== WHAT IS REQUIRED ==
Across the entries below, how many lines have the string "Picture" in them? Reply with only the number.

== RECORD SET ==
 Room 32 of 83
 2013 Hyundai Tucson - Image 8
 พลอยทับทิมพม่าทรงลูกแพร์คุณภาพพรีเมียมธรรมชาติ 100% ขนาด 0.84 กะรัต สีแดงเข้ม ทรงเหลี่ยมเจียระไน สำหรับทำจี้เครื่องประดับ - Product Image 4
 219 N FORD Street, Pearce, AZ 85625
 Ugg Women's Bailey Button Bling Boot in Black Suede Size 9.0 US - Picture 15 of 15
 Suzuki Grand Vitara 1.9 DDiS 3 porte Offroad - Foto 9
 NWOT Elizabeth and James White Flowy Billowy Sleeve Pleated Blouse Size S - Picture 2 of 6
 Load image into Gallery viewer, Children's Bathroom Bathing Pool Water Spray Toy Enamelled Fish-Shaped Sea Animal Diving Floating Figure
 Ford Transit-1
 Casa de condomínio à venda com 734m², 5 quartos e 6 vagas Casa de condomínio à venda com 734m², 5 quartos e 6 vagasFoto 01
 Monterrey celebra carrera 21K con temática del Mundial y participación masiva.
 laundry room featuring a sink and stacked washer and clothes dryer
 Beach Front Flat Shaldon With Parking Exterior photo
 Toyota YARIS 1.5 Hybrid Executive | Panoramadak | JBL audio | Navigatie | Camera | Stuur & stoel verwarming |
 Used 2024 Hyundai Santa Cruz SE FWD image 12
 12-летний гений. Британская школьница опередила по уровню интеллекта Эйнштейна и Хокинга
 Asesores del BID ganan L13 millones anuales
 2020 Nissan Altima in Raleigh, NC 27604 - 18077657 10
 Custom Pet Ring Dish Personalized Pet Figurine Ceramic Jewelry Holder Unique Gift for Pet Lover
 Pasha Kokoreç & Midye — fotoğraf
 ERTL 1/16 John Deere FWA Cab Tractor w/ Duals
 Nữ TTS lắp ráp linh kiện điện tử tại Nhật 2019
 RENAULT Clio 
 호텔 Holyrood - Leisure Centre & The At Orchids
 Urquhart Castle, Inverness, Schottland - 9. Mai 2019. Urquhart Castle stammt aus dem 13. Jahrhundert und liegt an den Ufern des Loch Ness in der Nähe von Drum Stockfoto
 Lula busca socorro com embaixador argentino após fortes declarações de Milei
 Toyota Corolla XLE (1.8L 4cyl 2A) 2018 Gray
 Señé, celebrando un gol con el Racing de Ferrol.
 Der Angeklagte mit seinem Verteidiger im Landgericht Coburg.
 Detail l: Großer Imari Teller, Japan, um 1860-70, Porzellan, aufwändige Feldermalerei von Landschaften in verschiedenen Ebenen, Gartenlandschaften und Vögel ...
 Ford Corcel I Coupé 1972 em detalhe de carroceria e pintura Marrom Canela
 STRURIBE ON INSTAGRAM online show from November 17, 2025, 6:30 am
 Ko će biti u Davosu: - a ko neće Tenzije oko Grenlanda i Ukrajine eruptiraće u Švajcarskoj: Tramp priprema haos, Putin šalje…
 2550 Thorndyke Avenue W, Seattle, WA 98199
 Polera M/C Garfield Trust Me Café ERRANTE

== OUTPUT OF THE TASK ==
2